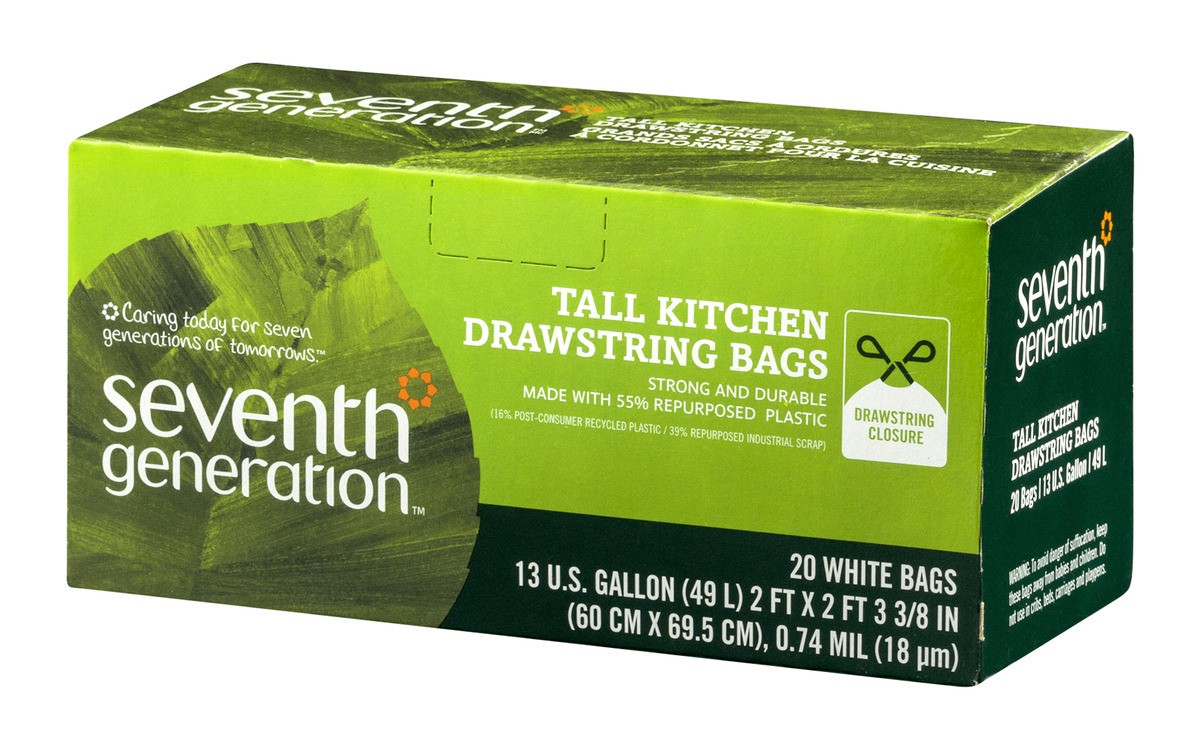 slide 4 of 9, Seventh Generation Kitchen Trash Bags With Drawstring, 20 ct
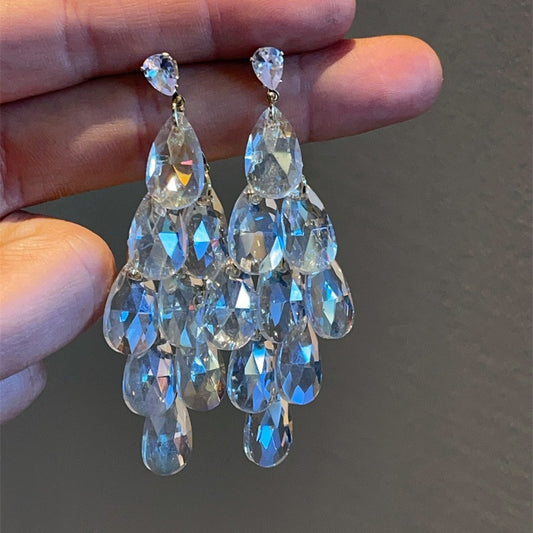 Water Drop White Crystal Dangle Fashion Stud Earrings
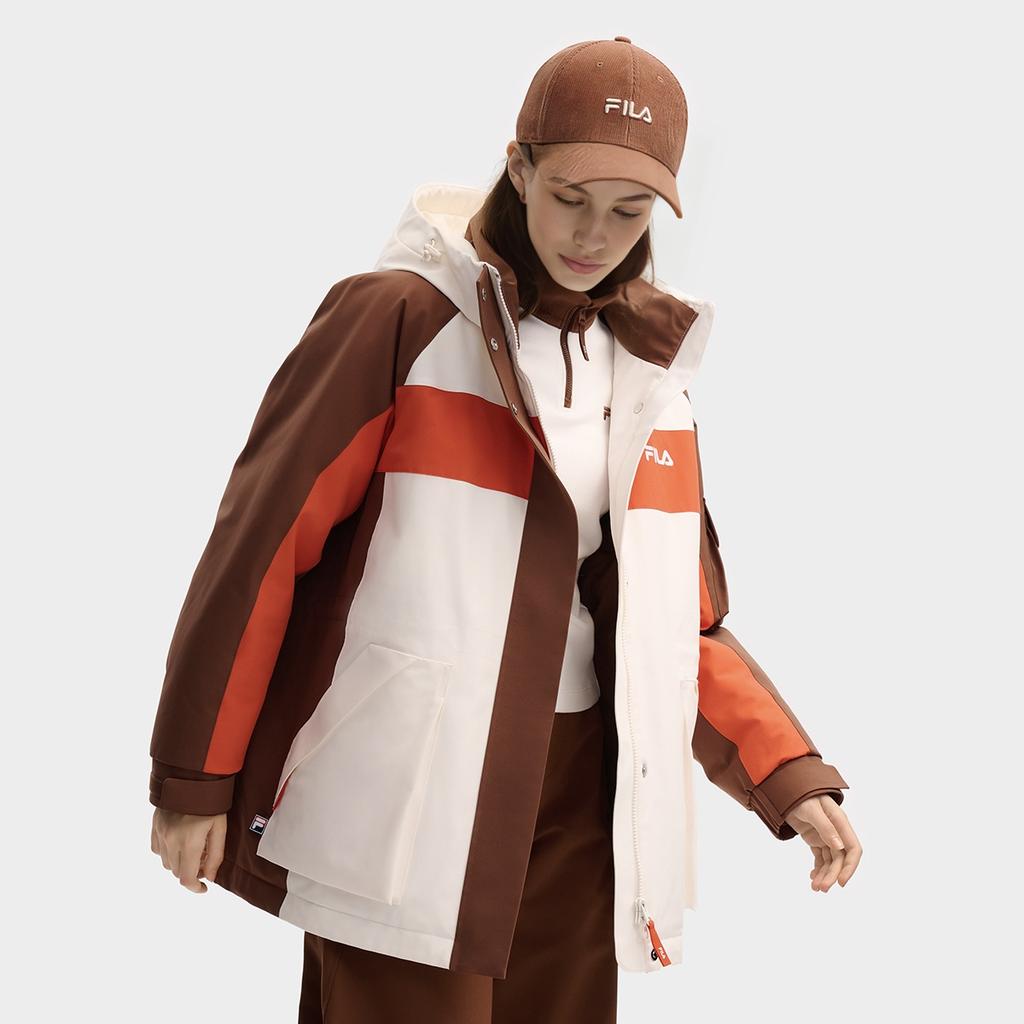 FILA Original Fashion Casual Sports Personality Trendy Color Block Loose Mid-Length Down Jacket Women Outerwear Mulan-Brown F11W549903FBN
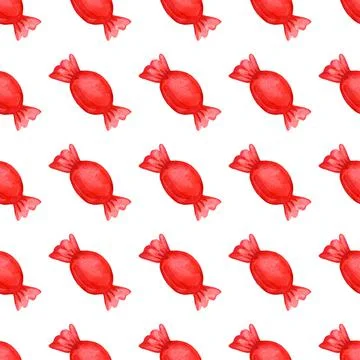 Festive seamless pattern with candy in a red wrapper Stock Illustration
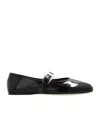 Paris Texas Sveva Patent Buckle Ballet Flat Shoes In Black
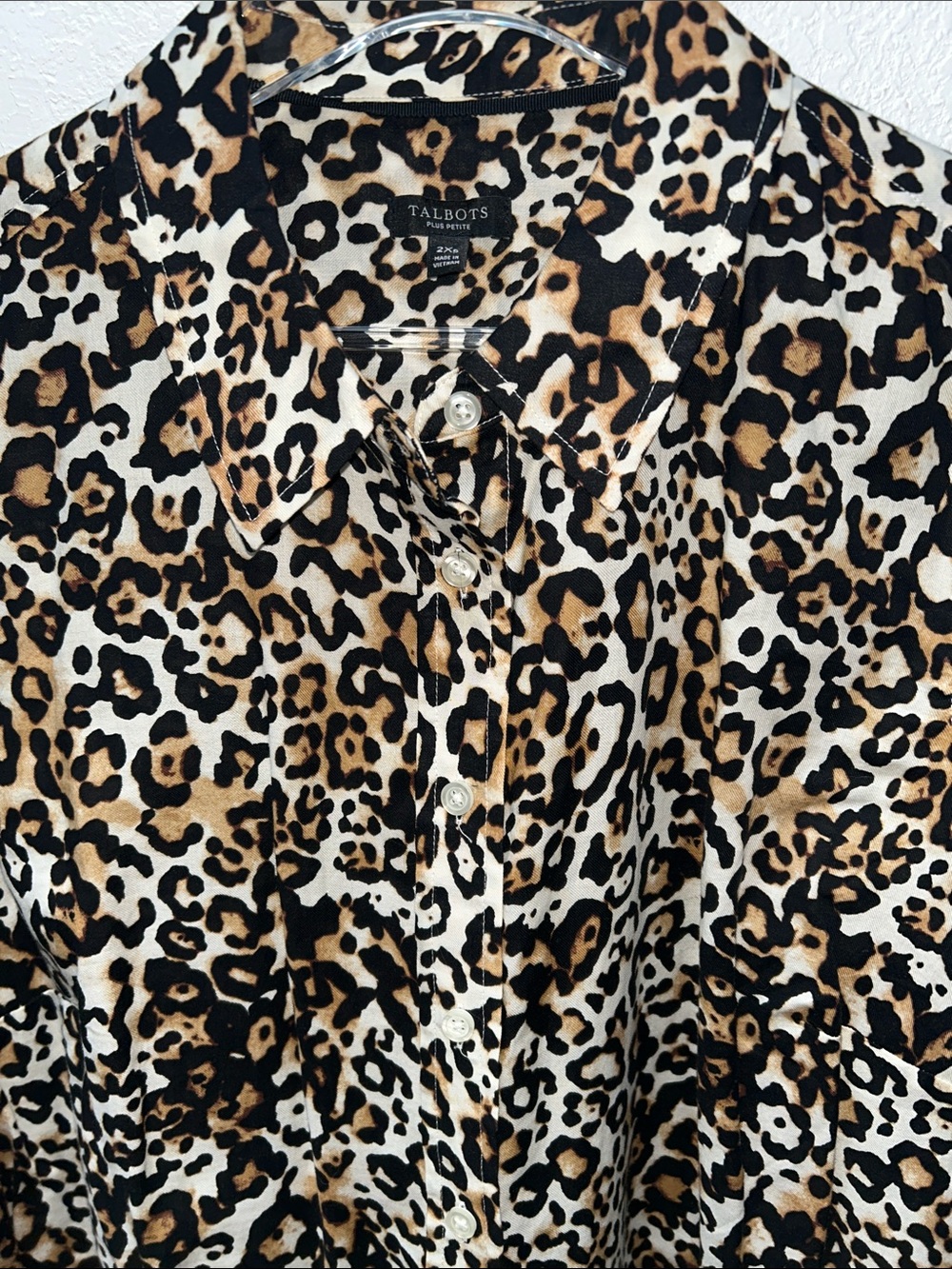 Talbots Plus Cotton Leopard Animal Print Long-Sleeve Button-Down Shirt 2XP EUC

| Directions for this task |
After dropping the pictures, reproduce exactly the lines from the first line of the entries through the line containing "Paris Texas Sveva", both included.

| Task response |
 slide 4 of 9, Seventh Generation Kitchen Trash Bags With Drawstring, 20 ct
 Water Drop White Crystal Dangle Fashion Stud Earrings
 FILA Original Fashion Casual Sports Personality Trendy Color Block Loose Mid-Length Down Jacket Women Outerwear Mulan-Brown F11W549903FBN
 Festive seamless pattern with candy in a red wrapper Stock Illustration
 Paris Texas Sveva Patent Buckle Ballet Flat Shoes In Black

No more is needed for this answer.